Speculative works aimed at young people don't just dominate young adult literature sales; they dominate fiction sales. The Harry Potter series famously prompted the split of the New York Times bestseller lists into Adult and Children's, and then further split Children's into "series" and "individual" titles. The Twilight saga took four of the top ten positions in most bestseller lists last year, and Stephenie Meyer actually made book tours cool, speaking to lecture halls packed with teenage fans.

SF fandom isn't graying. SF fandom is young. It's writing fanfic, climbing into cosplay, and getting favourite characters and quotes tattooed on its unwrinkled skin. It may come to regret the last, but the sincerity of that devotion cannot be doubted.

So is YA taking over the grown-ups' table? It's a revealing question, steeped in the kind of condescension that assumes books aimed at young people are intrinsically of less cultural value than the real books, speculative or otherwise, that are ostensibly for adult readers. It's also drenched in fear because, oh my lord, the young people are invading! With their depressing music and tight jeans!

It does seem to make many people uneasy, this obvious success. Is it bad? Are YA writers are dumbing down literature and its readers both, making us all unintelligent children, incapable of recognizing and appreciating well-crafted works of real depth?

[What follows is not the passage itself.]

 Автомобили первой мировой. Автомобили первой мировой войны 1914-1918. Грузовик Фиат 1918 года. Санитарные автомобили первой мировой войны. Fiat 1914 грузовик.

Of course not. Young adult fiction is certainly a vehicle for banality; it's also a vehicle for works of astonishing ideas, beautiful prose, compelling narrative, and intricate subtlety. And as for dumbing down the readers, I've heard and seen brilliant questions from teenagers at author talks and interviews. (John Green includes representative quotes in a speech he delivered at the 2008 ALAN Conference). Teenagers who read for fun are fantastic; many of them are insightful, careful readers who passionately engage with literature and articulate their passion with clarity and power.

Finally, the "popular automatically equals awful" argument seems not only logically spurious, but is often employed in suspicious circumstances. There are plenty of well-supported objections to the literary and ethical merits of the Twilight series, for example, but I am thoroughly sick of just the fact that it's incredibly popular with teenage girls being held up as a self-evident reason to despise it. Apparently large numbers of young women loving something makes that thing automatically risible. No doubt it's all those cooties.

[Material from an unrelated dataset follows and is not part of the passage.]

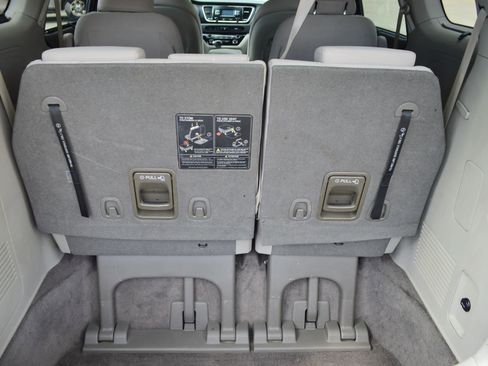 Used 2016 Kia Sedona LX w/ LX Convenience Package FWD image 21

In my experience, though, YA isn't actually interested in taking over the grown-ups' table. YA is having fun right where it is, making castles out of the mashed kumara, pulling crackers with extra enthusiasm, redesigning the party hats, discussing rocket propulsion and philosophy of magic over dessert, and inviting readers to think about where eggs come from, isn't that awesome and also gross? If the grown-ups want to perform these activities at their tables, that's fine.

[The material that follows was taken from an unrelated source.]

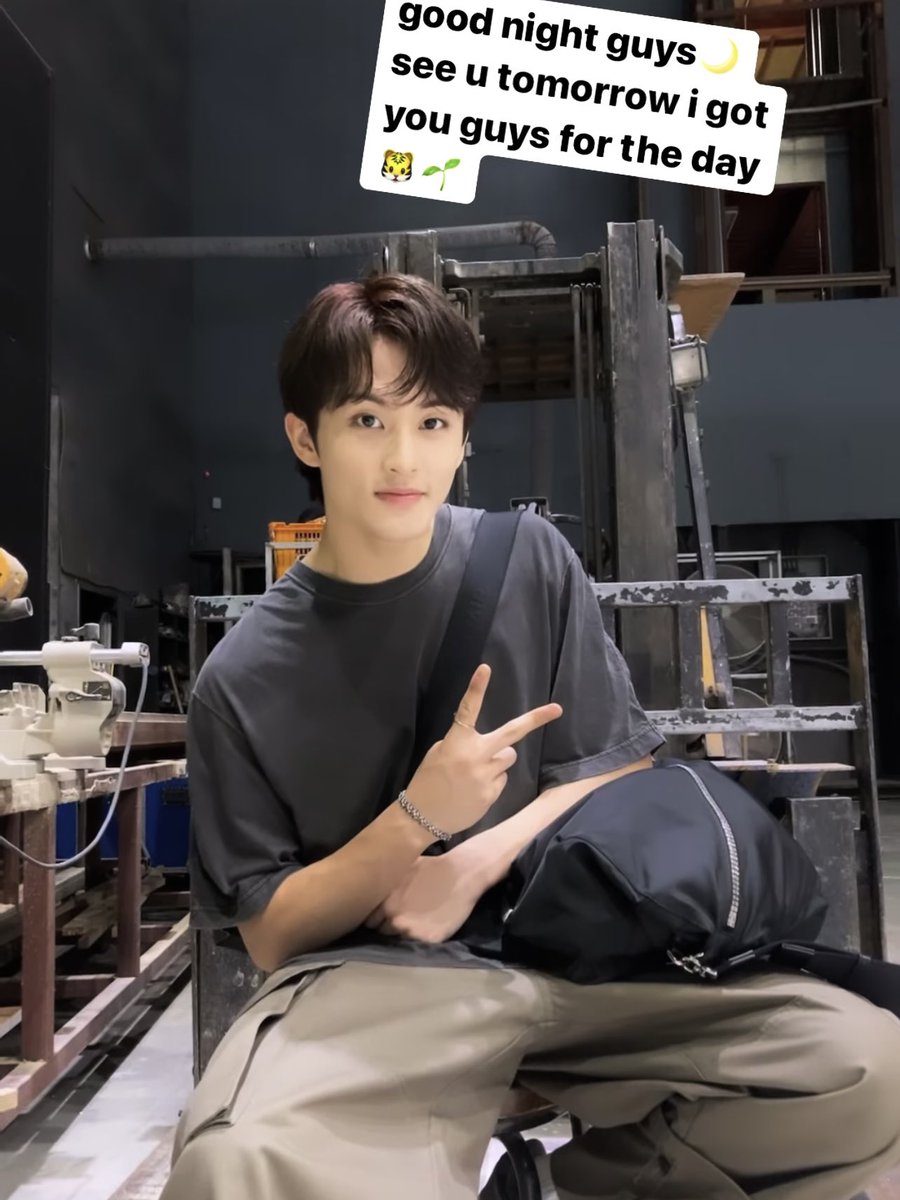 "i got you guys for the day" mark :(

The best thing is that the grown-ups are welcome to join the YA table, if they promise to behave. The supremacy in sales of YA speculative fiction isn't the result of a conspiratorial attempt to sit at the big table with the fancy cutlery; it's the result of kids reading, in massive numbers, books that they enjoy, and adults joining them. It's the result of adults realizing they want that sense of wonder that comes from exploring new worlds and questioning old ideas, and flipping the bird to anyone who tells them to be ashamed of it, because joy and awe and excitement are only for children.

SF fans ought to be celebrating that success, not ignoring it as they carp about dying fandom, or resenting YA speculative fiction because, as I've heard someone actually say, it's stealing from the pockets of real SF writers.

So that's my take on the boogeyman in the basement, once and never again. I don't want to use this column to conduct a defense of YA spec fic; it doesn't need defenders. From here on this column is for criticism, examination, and, most definitely, celebration.

Because some really cool stuff is happening.




Karen Healey teaches high school, writes genre fiction, and ignores her dishes in Christchurch, New Zealand. Her most recent publication is "Where We Walk, We Walk on Bones", in the NZ sff anthology Monsters in the Garden.